Through experimentation with methods of the BSONWritable object, I have discovered it produces the following JSON output of a Java Date in my Hadoop MapReduce implementation. Here is a summary of the mapper and its use of BSONWritable:
...
public static class TokenizerMapper extends
Mapper<Object, BSONObject, Text, BSONWritable> {
public void map(Object key, BSONObject value, Context context)
throws IOException, InterruptedException {
...
Text mapOutKey = new Text();
BSONWritable mapOutValue = new BSONWritable();
// in this example - pubDate represents "2012-02-10T01.42.45Z"
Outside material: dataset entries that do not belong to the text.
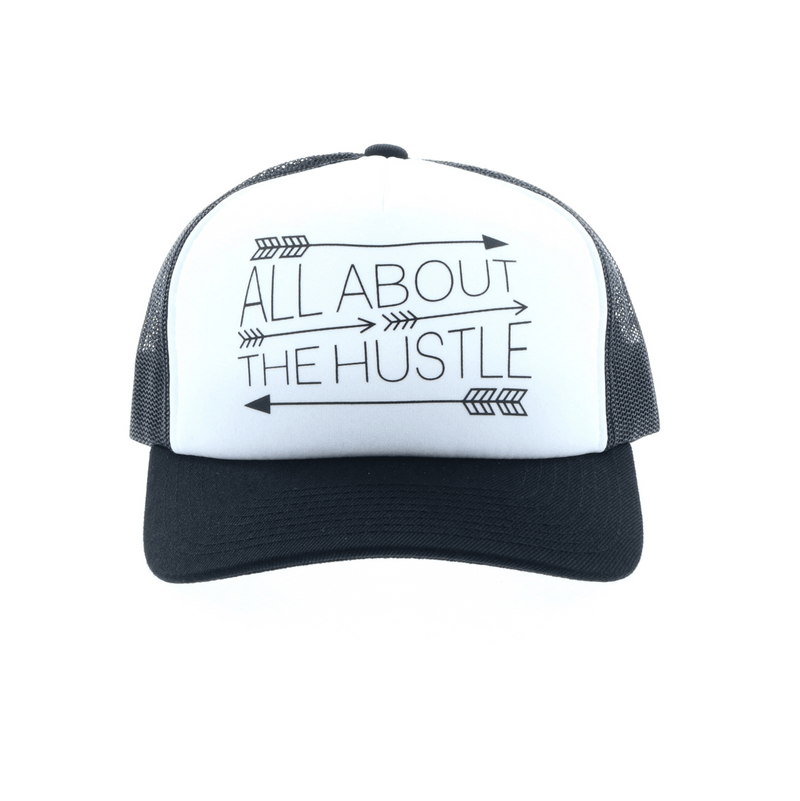 "Hustle" White/Black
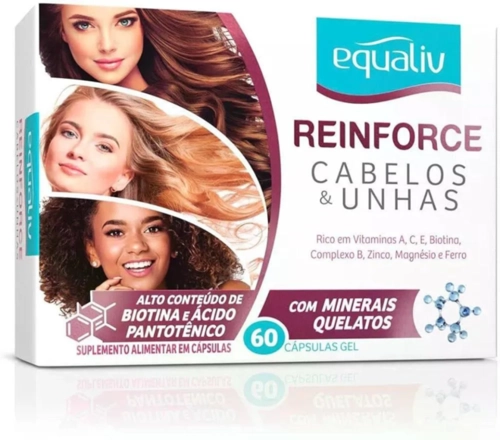 Equaliv Reinforce Cabelos E Unhas 60 Cápsulas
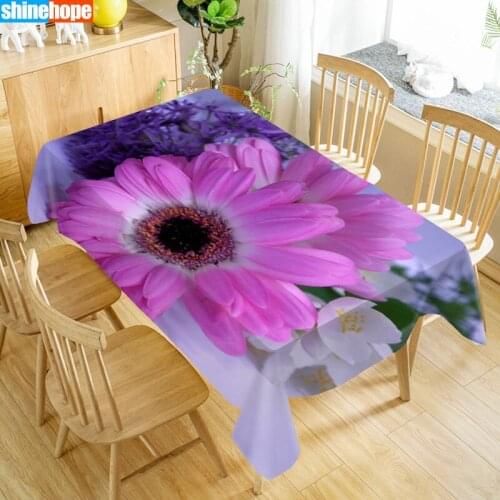 New Arrival Custom Gerberas Flowers Table Cloth Waterproof Oxford Fabric Rectangular Tablecloth Home Party Tablecloth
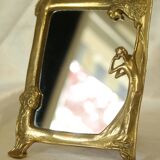 Art Nouveau brass bridge mirror 17 x 13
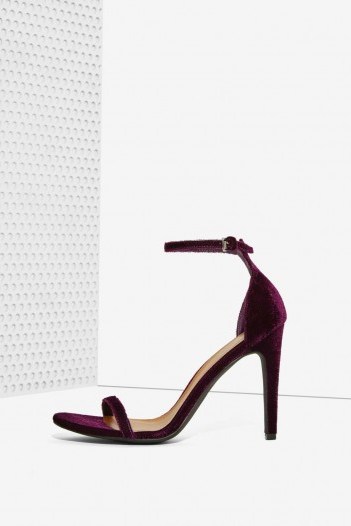Nasty Gal Ivy Velvet Heel purple. High heels – evening shoes – ankle strap footwear – going out accessories – party wear - flipped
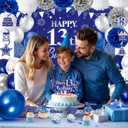 13th Birthday Decorations for Boys Girls Blue Teenager Party Decorations with Happy 13th Birthday Banner Number Balloons, Hanging Swirls, Pom Poms, Backdrop Teen Supplies for 13 Years Old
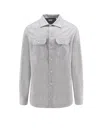 Brunello Cucinelli Wool Flannel Overshirt In Light Grey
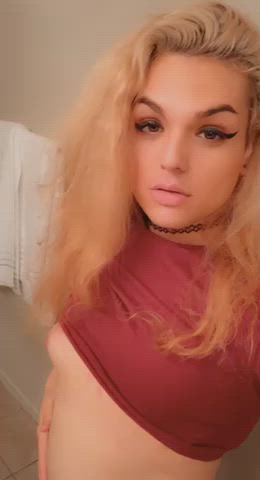 Blonde Braless Sissy clip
Long ts = new Long(pubDate.getTime());
mapOutValue.put("ts-String", ts.toString()); // String object
mapOutValue.put("ts-long", ts.longValue()); // long primitive
mapOutValue.put("ts-int", ts.intValue()); // int primitive
context.write(mapOutKey, mapOutValue);
...
After manipulation of the mapOutValue in the reducer to update a count value the following is the result.
{ ..., "ts-String" : "1328873945000",
"ts-long" : NumberLong("1328838165000"),
"ts-int" : 1729050536, ... }Using int has undesirable side-effects. But, our current specification calls for a number output for timestamps. I would prefer to produce a number instead of NumberLong as I'm aware any potential float calculations on a JSON number will not have a significant impact. To clarify this perspective, if you validate the following JSON string at
http://jsonlint.com/, the interpreter does not modify it
{ "long" : 1328873945000 } To get the interpreter to use floating point calculations, you'd have to increase the number 100,000 orders of magnitude. In that case, it would round up as follows:
{ "really long" : 132887394500012345 } => { "really long": 132887394500012350 }So, this is not a significant loss in time considering several millenniums.
Is it possible to produce a JSON number from a long with BSONWritable? If not what other classes, utilities or MR output format would you recommend to achieve the desired result?